Scraped caption text data
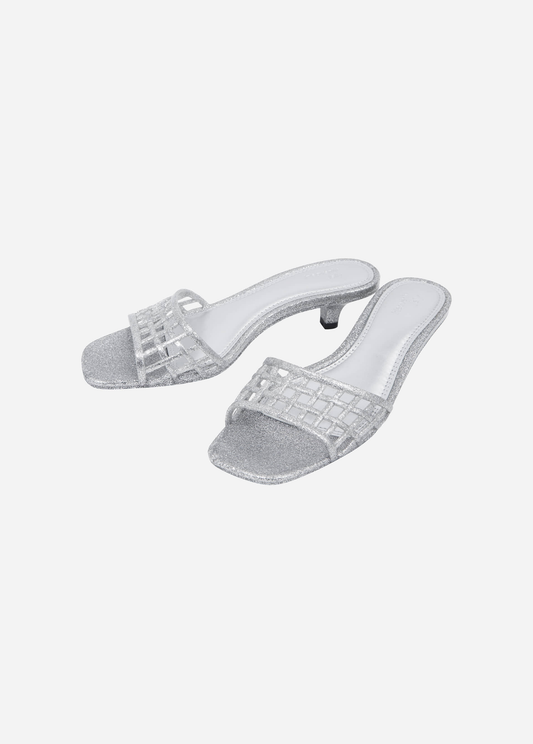 Heavenly Jelly Classic Mule Glitter Silver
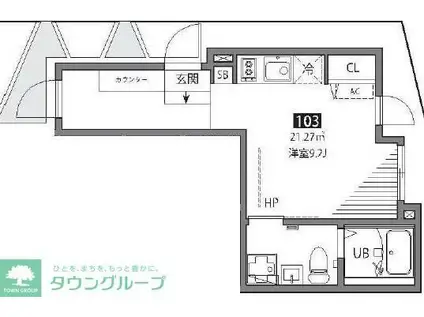 千歳烏山ヴィレッジC(ワンルーム/1階)の間取り写真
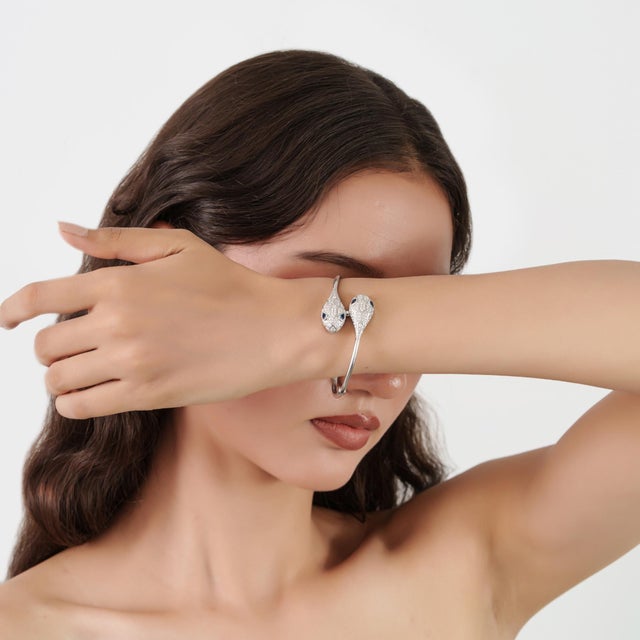 Luxury Double Headed Serpentine Cz Bangle in Sterling Silver by Carat&Her For Sale - Image 6 of 13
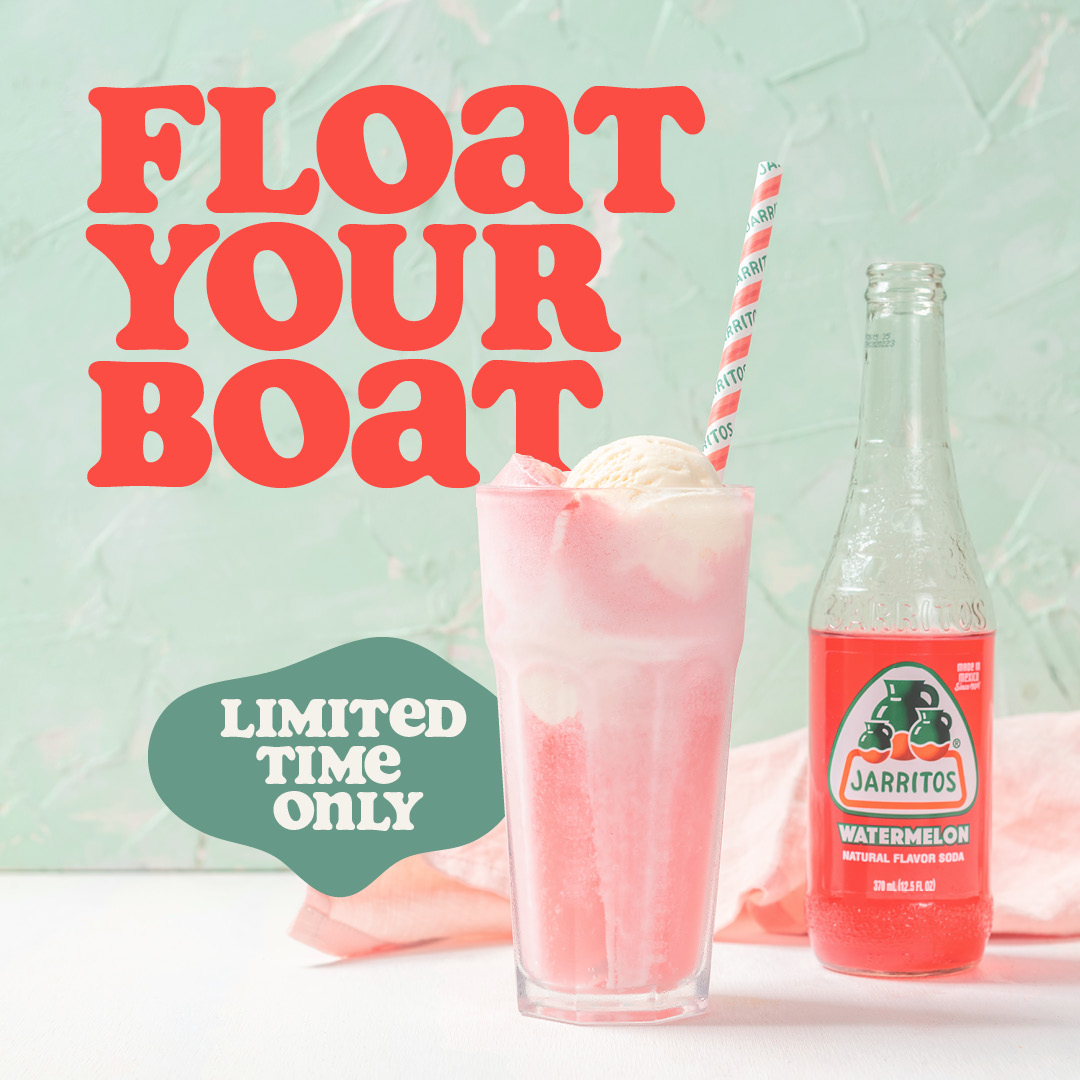 GO WITH THE FLOAT🍦🍉
Jarritos ice cream floats are here! Available with any Jarritos flavour - including your favourite!
We are digging' this watermelon combo, but also love Mexican Cola, and then there's Lime - oh! can't forget Mandarin.. let's face it they all taste incredible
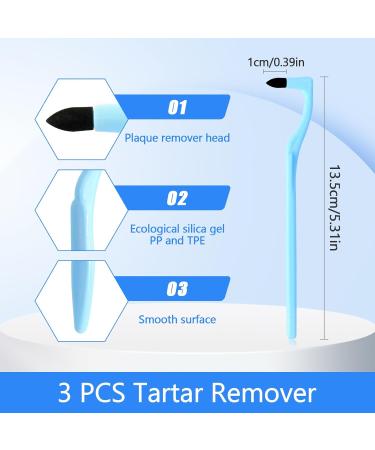 Sularpek 3 PCS Tartar Remover Teeth Cleaning Kit Plaque Remover for Teeth for Removing Plaque & Stain (White & Blue&Grey) - Buy Online on GoSupps.com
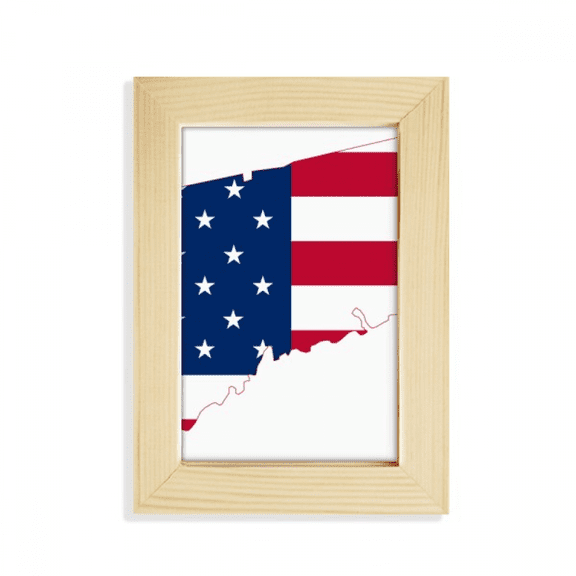 Connectic USA Map Stars tripes Flag Shape Desktop Display Photo Frame Picture Art Painting 5x7 inch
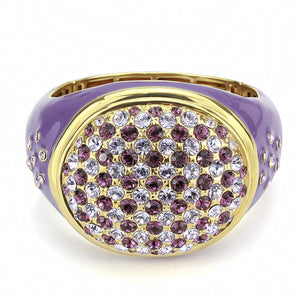 LO4326 - Gold Brass Bangle with Top Grade Crystal  in Amethyst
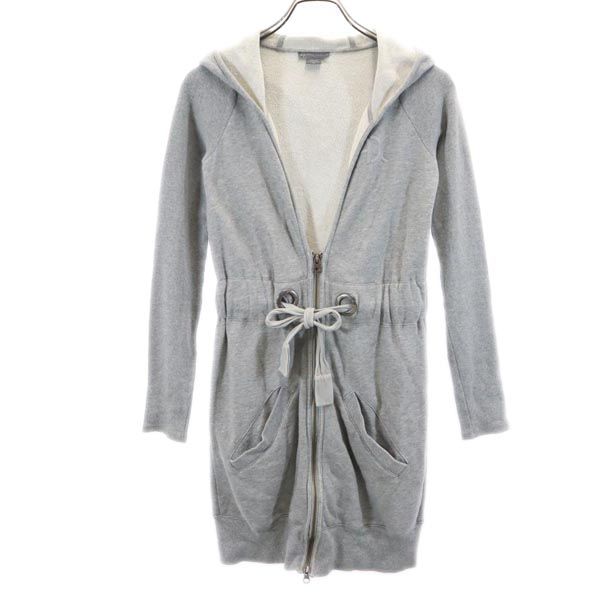 長袖 ロング ジップパーカー XS グレー レディース 4,852円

▸ **What needs to be done**:
For this exercise, reproduce exactly the lines of the records above from the one with "千歳烏山ヴィレッジC(ワンルーム/1階)の間取り写真" up to and including the one with "Jarritos ice cream", without pictures.

▸ **Result below**:
 千歳烏山ヴィレッジC(ワンルーム/1階)の間取り写真
 Luxury Double Headed Serpentine Cz Bangle in Sterling Silver by Carat&Her For Sale - Image 6 of 13
 GO WITH THE FLOAT🍦🍉
Jarritos ice cream floats are here! Available with any Jarritos flavour - including your favourite!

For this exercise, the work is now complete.